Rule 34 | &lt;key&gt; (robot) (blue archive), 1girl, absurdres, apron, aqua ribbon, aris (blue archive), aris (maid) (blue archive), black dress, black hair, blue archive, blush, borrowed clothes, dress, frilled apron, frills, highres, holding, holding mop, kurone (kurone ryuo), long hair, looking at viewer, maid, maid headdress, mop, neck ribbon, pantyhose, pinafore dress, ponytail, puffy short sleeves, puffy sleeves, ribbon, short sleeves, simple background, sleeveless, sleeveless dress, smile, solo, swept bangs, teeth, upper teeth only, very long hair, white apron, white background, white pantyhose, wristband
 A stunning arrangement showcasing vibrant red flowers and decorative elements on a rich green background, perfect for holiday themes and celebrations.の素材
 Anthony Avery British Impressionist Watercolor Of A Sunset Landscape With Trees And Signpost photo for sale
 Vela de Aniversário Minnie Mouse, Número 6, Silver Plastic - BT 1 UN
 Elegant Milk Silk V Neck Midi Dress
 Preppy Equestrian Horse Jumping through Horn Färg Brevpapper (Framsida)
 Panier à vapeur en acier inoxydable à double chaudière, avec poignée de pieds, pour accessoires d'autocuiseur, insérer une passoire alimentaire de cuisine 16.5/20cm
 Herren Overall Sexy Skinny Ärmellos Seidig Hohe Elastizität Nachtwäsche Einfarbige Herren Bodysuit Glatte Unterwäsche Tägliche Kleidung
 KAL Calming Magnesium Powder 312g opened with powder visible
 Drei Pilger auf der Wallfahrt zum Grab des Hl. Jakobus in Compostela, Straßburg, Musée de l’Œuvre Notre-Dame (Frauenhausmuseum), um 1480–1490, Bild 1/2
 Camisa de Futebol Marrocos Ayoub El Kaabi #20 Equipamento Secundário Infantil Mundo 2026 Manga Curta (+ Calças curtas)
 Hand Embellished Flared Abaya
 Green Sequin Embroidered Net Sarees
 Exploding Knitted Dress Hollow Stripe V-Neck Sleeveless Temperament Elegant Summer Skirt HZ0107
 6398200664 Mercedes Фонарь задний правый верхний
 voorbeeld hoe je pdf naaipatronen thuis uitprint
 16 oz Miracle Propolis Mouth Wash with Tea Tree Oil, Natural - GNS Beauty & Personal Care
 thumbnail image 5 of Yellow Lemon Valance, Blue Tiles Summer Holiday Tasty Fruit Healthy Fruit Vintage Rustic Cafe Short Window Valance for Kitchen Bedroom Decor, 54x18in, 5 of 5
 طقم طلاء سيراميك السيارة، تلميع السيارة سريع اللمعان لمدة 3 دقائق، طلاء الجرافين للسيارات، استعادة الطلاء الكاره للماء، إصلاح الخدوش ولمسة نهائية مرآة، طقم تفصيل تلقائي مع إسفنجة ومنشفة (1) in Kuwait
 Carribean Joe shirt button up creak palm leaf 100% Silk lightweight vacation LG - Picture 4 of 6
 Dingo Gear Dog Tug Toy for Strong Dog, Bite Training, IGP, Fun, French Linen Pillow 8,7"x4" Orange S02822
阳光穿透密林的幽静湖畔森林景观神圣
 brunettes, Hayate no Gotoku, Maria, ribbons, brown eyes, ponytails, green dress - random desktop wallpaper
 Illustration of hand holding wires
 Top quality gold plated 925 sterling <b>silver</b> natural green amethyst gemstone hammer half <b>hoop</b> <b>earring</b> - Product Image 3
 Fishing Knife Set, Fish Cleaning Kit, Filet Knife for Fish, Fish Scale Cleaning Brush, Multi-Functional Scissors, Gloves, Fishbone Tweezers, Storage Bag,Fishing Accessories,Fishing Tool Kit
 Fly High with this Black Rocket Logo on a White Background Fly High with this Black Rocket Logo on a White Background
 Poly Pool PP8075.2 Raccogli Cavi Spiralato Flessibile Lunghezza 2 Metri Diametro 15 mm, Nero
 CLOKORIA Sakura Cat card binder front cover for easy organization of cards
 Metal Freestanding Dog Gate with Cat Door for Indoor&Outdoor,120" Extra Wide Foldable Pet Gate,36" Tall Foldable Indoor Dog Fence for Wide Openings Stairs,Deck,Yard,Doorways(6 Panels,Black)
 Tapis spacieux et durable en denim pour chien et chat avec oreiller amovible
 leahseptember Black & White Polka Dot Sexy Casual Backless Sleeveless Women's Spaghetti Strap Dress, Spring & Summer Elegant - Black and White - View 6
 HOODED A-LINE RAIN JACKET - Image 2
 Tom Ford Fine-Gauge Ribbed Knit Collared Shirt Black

+ + + +

> **Work item**:
Would you please copy exactly the part of the entries above that begins at the line containing "Herren Overall Sexy" and ends at the line containing "Hand Embellished Flared Abaya", both lines included?

> **Exercise result**:
 Herren Overall Sexy Skinny Ärmellos Seidig Hohe Elastizität Nachtwäsche Einfarbige Herren Bodysuit Glatte Unterwäsche Tägliche Kleidung
 KAL Calming Magnesium Powder 312g opened with powder visible
 Drei Pilger auf der Wallfahrt zum Grab des Hl. Jakobus in Compostela, Straßburg, Musée de l’Œuvre Notre-Dame (Frauenhausmuseum), um 1480–1490, Bild 1/2
 Camisa de Futebol Marrocos Ayoub El Kaabi #20 Equipamento Secundário Infantil Mundo 2026 Manga Curta (+ Calças curtas)
 Hand Embellished Flared Abaya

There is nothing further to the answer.